PROVIDED MATERIAL:
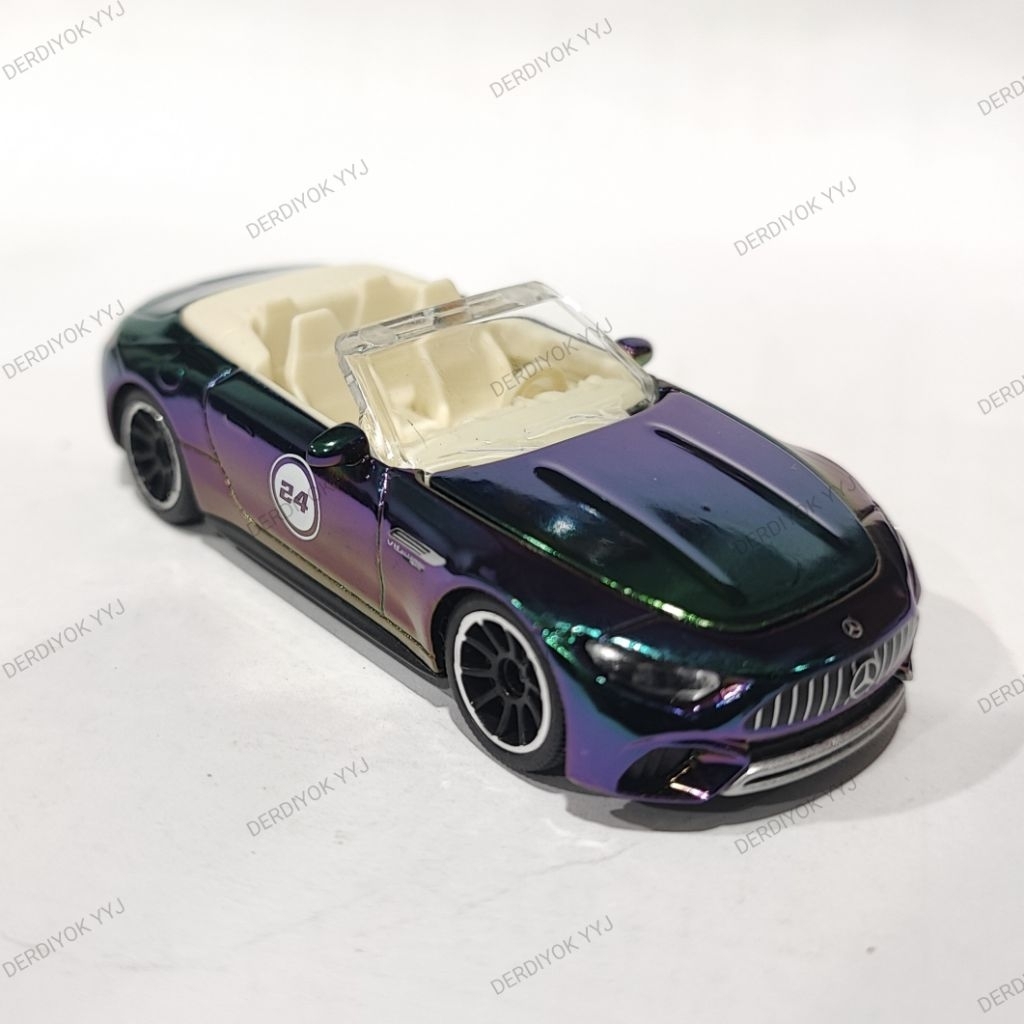 โมเดลรถเหล็ก Majorette Benz SL63 AMG NO. 24 Collection Chrome Purple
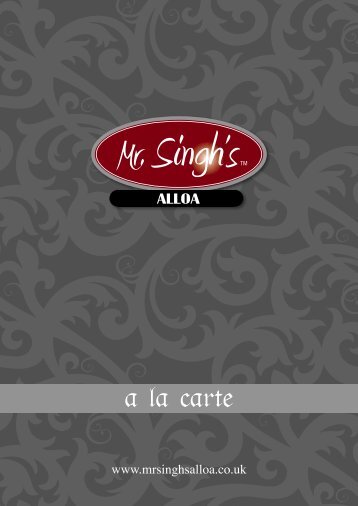 A La Carte Menu - Mr Singh Alloa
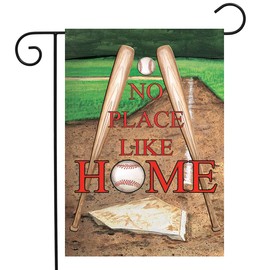 Briarwood Lane No Place Like Home Spring Garden Flag 12.5" x 18" Baseball Bats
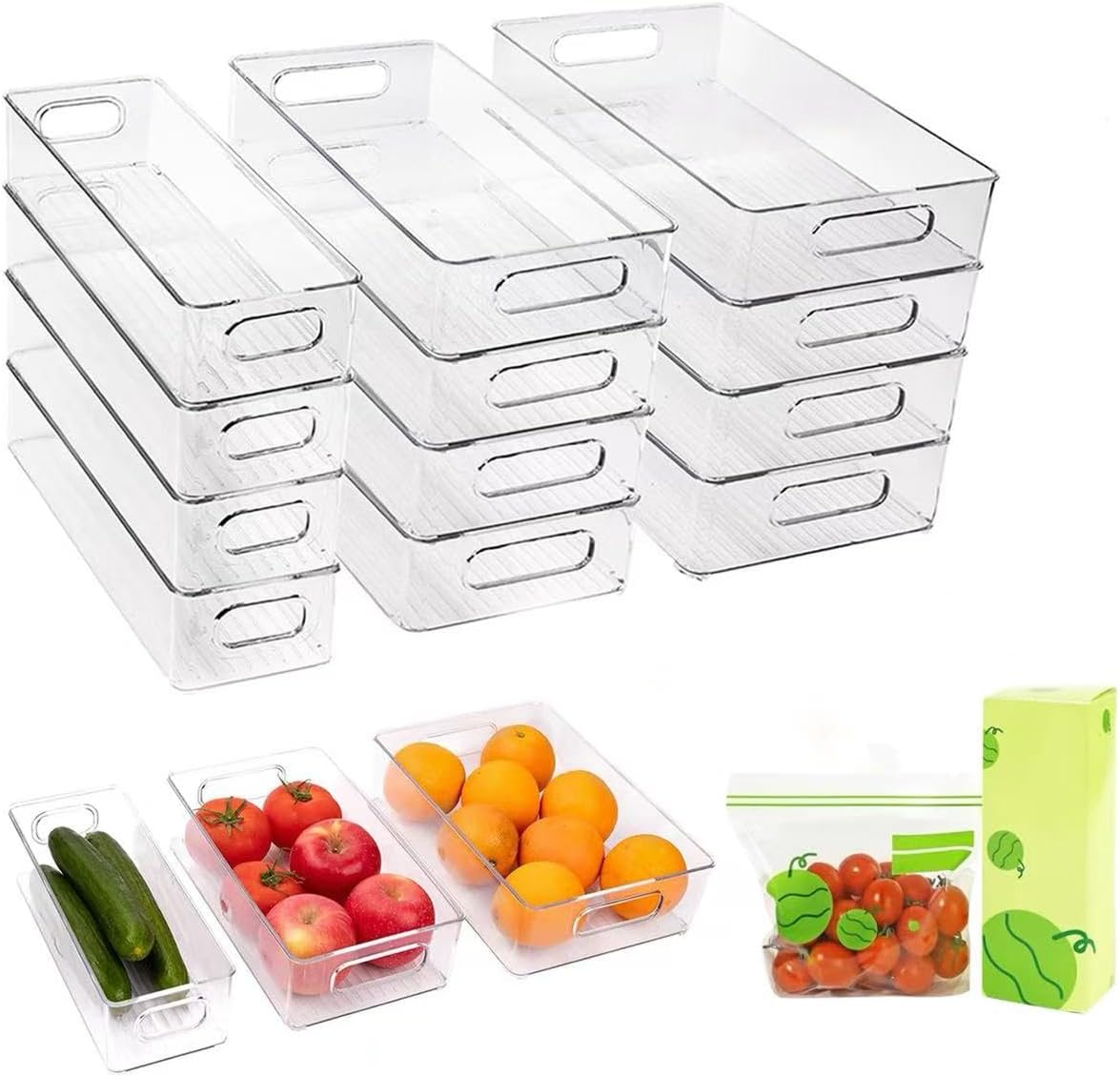 12 Pack Refrigerator Organizer Bins, 3 Sizes Stackable Clear Pantry Storage with Handles and 30 PCS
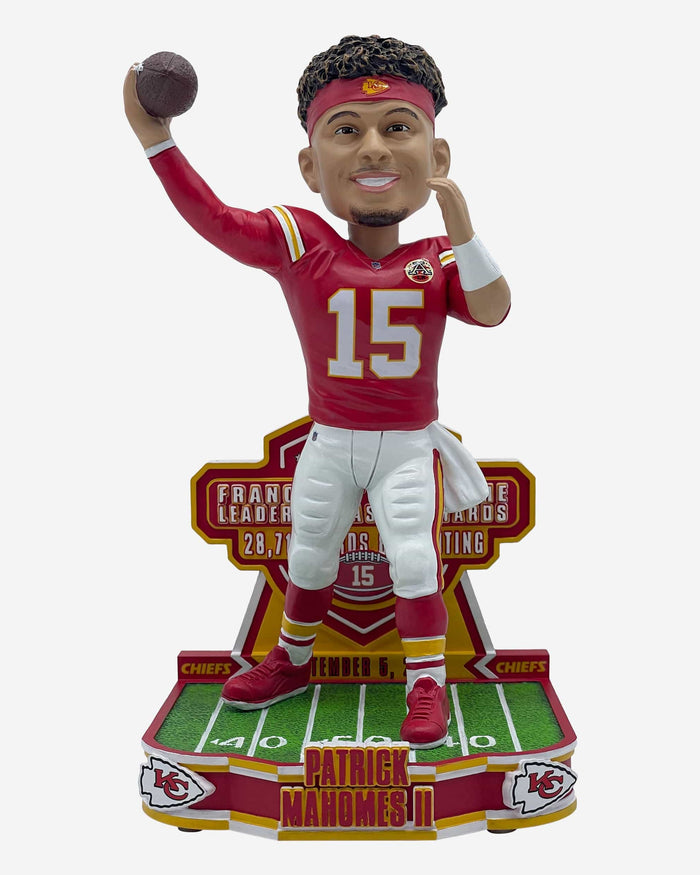 Patrick Mahomes Kansas City Chiefs All-Time Franchise Passing Leader Bobblehead FOCO - FOCO.com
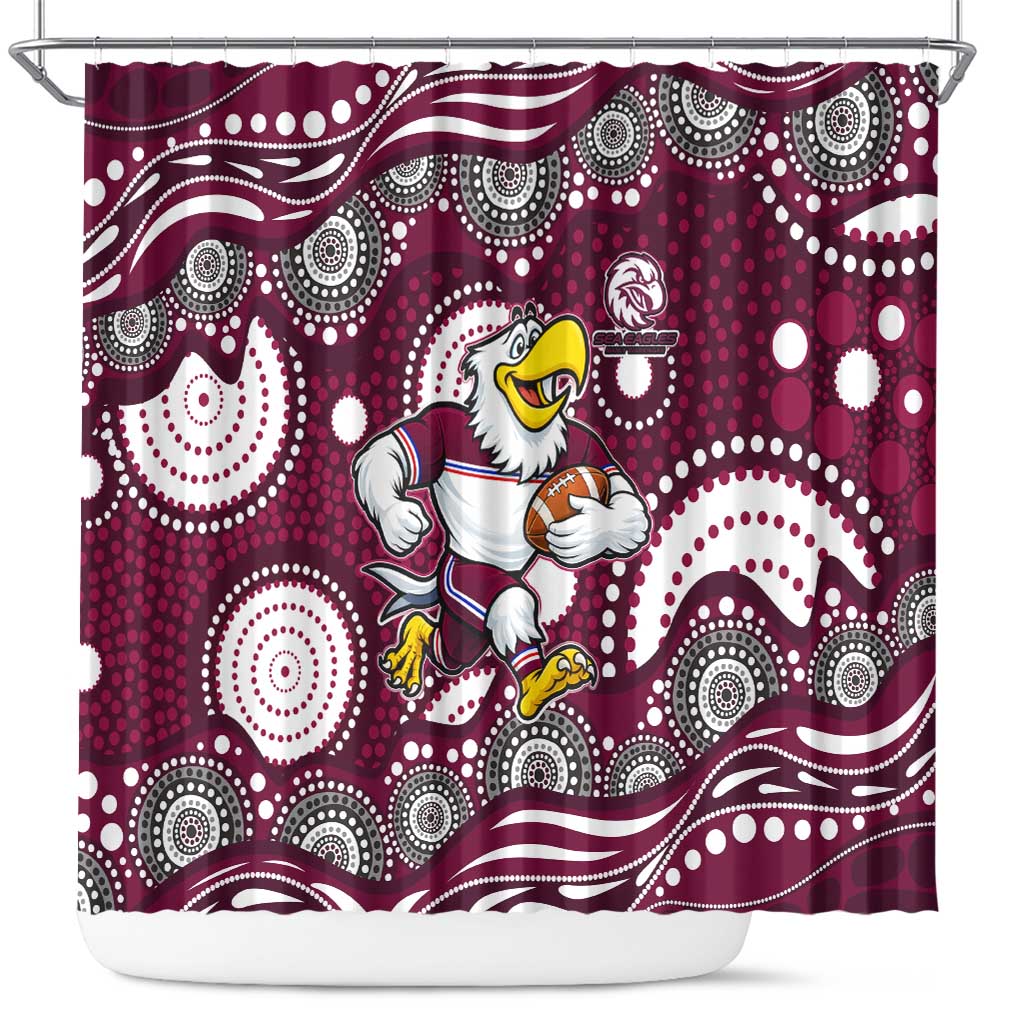 Manly Warringah Sea Eagles Shower Curtain Aboriginal Dot Pattern - Rugby Mascot Heritage Pride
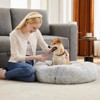 Wooakway 19" Gray Pet Bed for Indoor Dog Cat Donut Cuddler Soft Dog Beds with Anti-Slip Bottom Round Calming Fluffy Plush Faux Fur Cushion Bed for Dog - 3 of 4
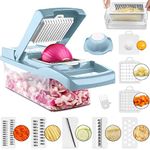 ADOV Vegetable Chopper, 14 in 1 Multi-Function Kitchen Mandoline Slicer, 7 Replaceable Stainless Steel Vegetable Cutter with Egg Separator Hand Guard Julienne Grater for Onion Potato Fruits - Blue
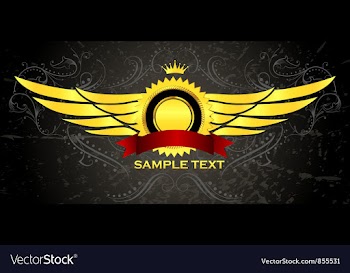 Vintage gold emblem vector image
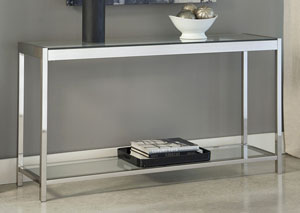 Jonies Brushed Nickel Finish Sofa Table,Ashley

PROBLEM DESCRIPTION: If a record holds a picture, drop the picture and return the rest of it exactly.

RESPONSE FOR THIS EXERCISE:
 โมเดลรถเหล็ก Majorette Benz SL63 AMG NO. 24 Collection Chrome Purple
 A La Carte Menu - Mr Singh Alloa
 Briarwood Lane No Place Like Home Spring Garden Flag 12.5" x 18" Baseball Bats
 12 Pack Refrigerator Organizer Bins, 3 Sizes Stackable Clear Pantry Storage with Handles and 30 PCS
 Patrick Mahomes Kansas City Chiefs All-Time Franchise Passing Leader Bobblehead FOCO - FOCO.com
 Manly Warringah Sea Eagles Shower Curtain Aboriginal Dot Pattern - Rugby Mascot Heritage Pride
 Wooakway 19" Gray Pet Bed for Indoor Dog Cat Donut Cuddler Soft Dog Beds with Anti-Slip Bottom Round Calming Fluffy Plush Faux Fur Cushion Bed for Dog - 3 of 4
 ADOV Vegetable Chopper, 14 in 1 Multi-Function Kitchen Mandoline Slicer, 7 Replaceable Stainless Steel Vegetable Cutter with Egg Separator Hand Guard Julienne Grater for Onion Potato Fruits - Blue
 Vintage gold emblem vector image
 Jonies Brushed Nickel Finish Sofa Table,Ashley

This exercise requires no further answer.